* [Exercise material]:
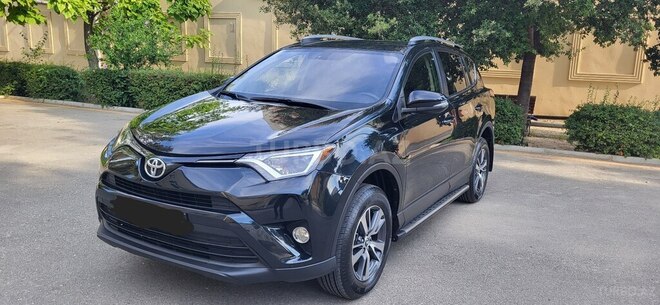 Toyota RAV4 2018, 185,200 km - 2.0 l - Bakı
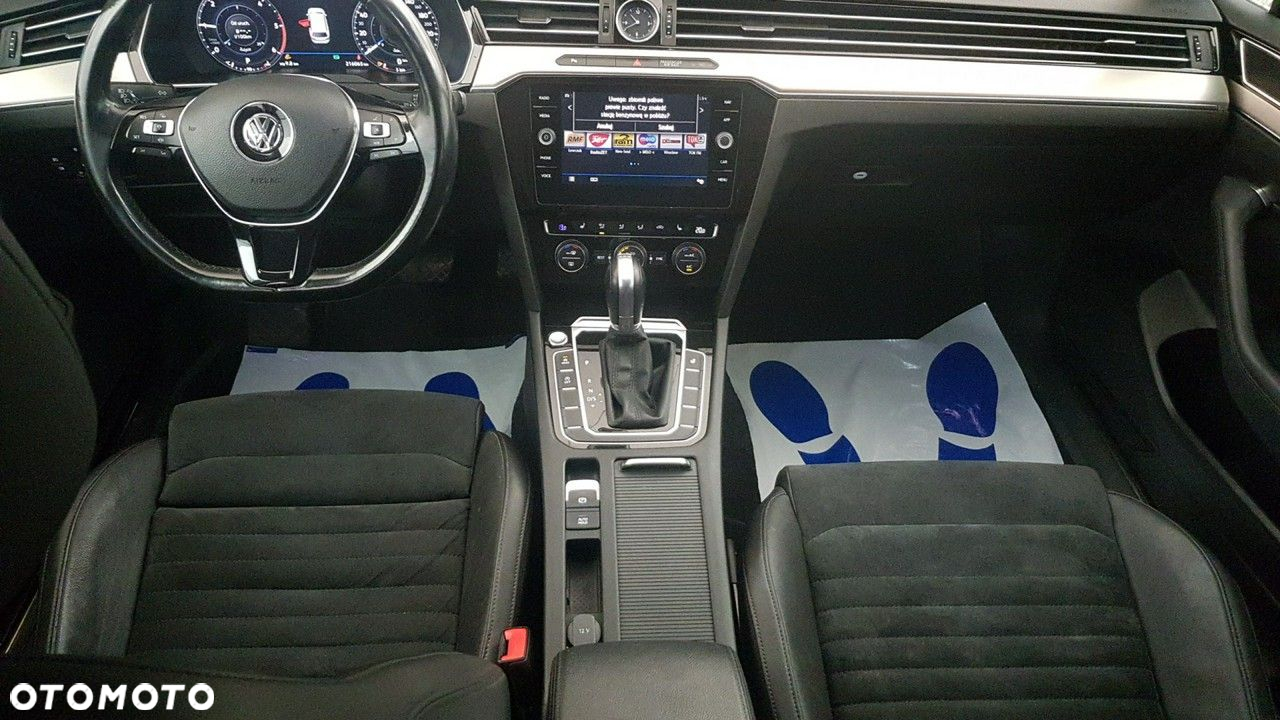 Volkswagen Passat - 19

---

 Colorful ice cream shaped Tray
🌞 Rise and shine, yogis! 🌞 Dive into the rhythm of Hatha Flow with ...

...

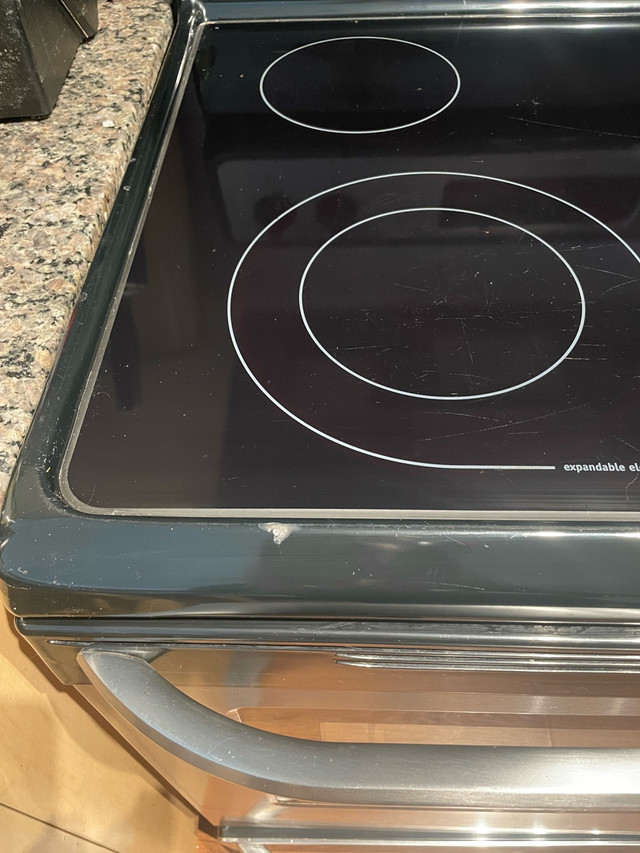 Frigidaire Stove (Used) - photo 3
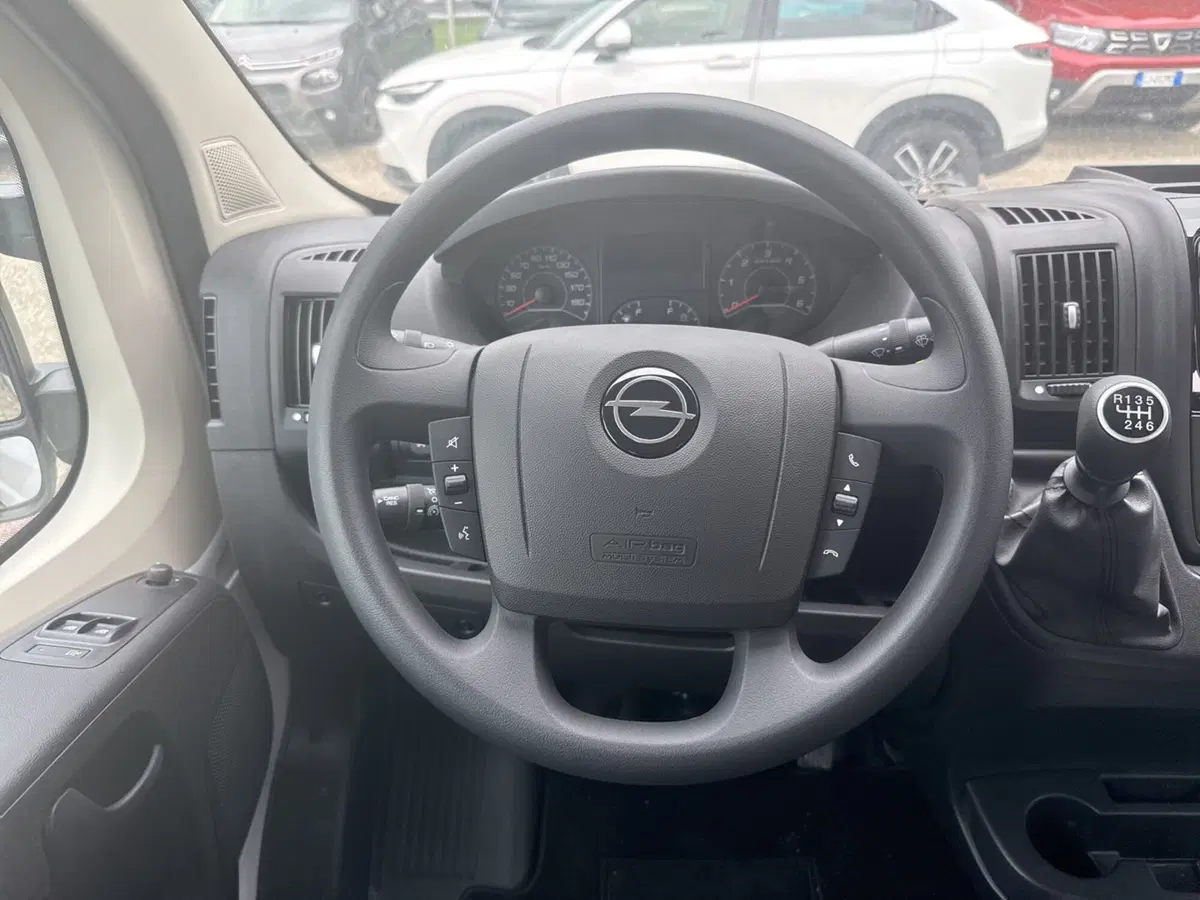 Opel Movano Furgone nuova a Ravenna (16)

* [Description of the task]: From the records above, transcribe exactly the lines starting at the one containing "Toyota RAV4 2018, 185,200 km - 2.0 l - Bakı" and ending at the one containing "Volkswagen Passat - 19". Skip the pictures.

* [Answer to the exercise]:
 Toyota RAV4 2018, 185,200 km - 2.0 l - Bakı
 Volkswagen Passat - 19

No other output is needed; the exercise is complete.